As she fields calls from her workers on a cold winter day, it is obvious that such artistry—combined with a desire to make the world around her more beautiful—is what really drives Maria Hickey. “I love to take either a clean slate or an existing garden and take it from drab to fab for the customer, adding in lots of color, fragrance, and beauty, to make it look like it’s timeless,” she says. “Regardless of a customer’s budget, we can work miracles. Every one of our projects is garden tour ready.”
Silk flowers and white porcelain mermaids. Blooming baskets of live Narcissus, candles, and sachets. These are just a few of the unique, inspired-by-nature gifts and trinkets that Harvest of Barnstable staff create by hand right here on the Cape. The company’s talented designers and craftspeople put personal care into each of the designs they complete.

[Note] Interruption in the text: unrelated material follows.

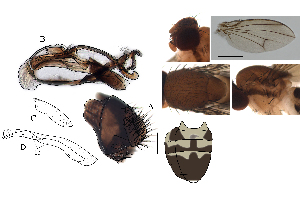  (Leucophenga zebrina - DIP128616)  @11 [ ] Copyright (2017) Hong-Wei Chen South China Agricultural University, Department of Entomology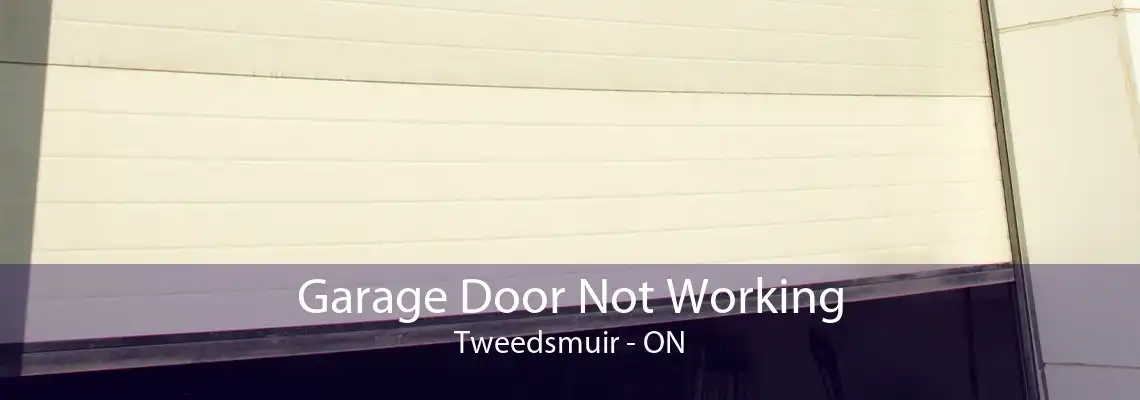 Garage Door Not Working Tweedsmuir - ON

Now entering its 32nd year, Harvest of Barnstable is located at 89 Willow Street in Yarmouthport. Products are sold in the charming shop as well as through fine gift stores, catalogues, and e-commerce stores. Gifts can also be purchased on the company’s website and shipped both across the United States and internationally.

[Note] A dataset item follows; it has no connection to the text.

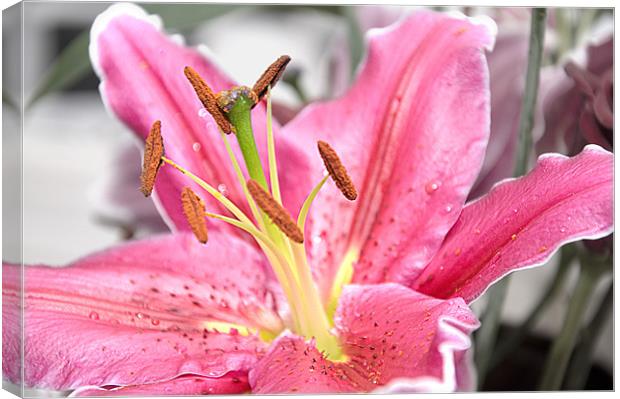 Pink Lily Canvas Print by Darren Smith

Starting at a young age, Nantucket native Karin Ganga Sheppard was fascinated by the cones of yarn that could be transformed into beautiful items. Karin’s childhood dreams came true when she opened Island Weaves on the island in 2000. From luxurious, 100 percent silk wedding shawls, to “Madaket Mall Mats,” multi-color rugs carefully assembled from recycled jeans, khaki pants, and recycled towels, Karin’s hand-woven designs are stamped with individuality.
“I use a lot of recycled materials in my rugs, but don’t have to gather these materials anymore,” Karin says. “Sometimes I go to unlock the door of my studio and there will be bags of old pants and products waiting for me. It’s great to live in a small community where people know what your work is!”
It is a beautiful summer day on Cape Cod. You are relaxing with friends outside on sophisticated, elegant furniture.
Such scenes are part of the reason why Rick Concordia, owner of Casual Designs of Cape Cod, has had such success selling fine outdoor furniture. At two locations in Harwichport and Mashpee, homeowners flock throughout the year to buy furniture from distinctive manufacturers like Lloyd Flanders, Brown Jordan, and Gloster to set the stage for their perfect Cape Cod moments.
Casual Designs celebrated its 30th anniversary in 2013. “We offer high-end casual furnishings,” says Concordia. “Everything we sell is for outside, although we do sell furniture and accessories for sunrooms and sun porches, too.”
Concordia notes that Casual Designs’ strongest sellers are wicker, teak, and poly-resin furniture. “Teak is just a huge seller,” he says. “It weathers to a beautiful gray, just like the cedar shingles you see on Cape houses.”
Wicker has come a long way. “There are so many great wicker choices,” says Concordia. One Casual Designs mainstay is the Lloyd Flanders line. “This is wicker that is very authentic, but is a stainless strand with a fiber wrap around it that comes in many different finishes, which can be painted.” Concordia notes that homeowners can also opt for poly-resin furniture. “If you are looking for that wood look in colors, go for poly-resin,” he says.
Concordia says his employees are key to Casual Designs’ success. “We have a broad range of companies, manufacturers, and products, so we need a knowledgeable staff,” he explains, noting that the company also offers in-home design services. “We can go to the home with product books and samples. Some of the manufacturers have tools on the computer and we can place things to scale.
“A lot of people go on a resort vacation in the winter and they show us pictures and say, ‘That’s what we want at the Cape,’” says Concordia. “We are happy to make that happen!”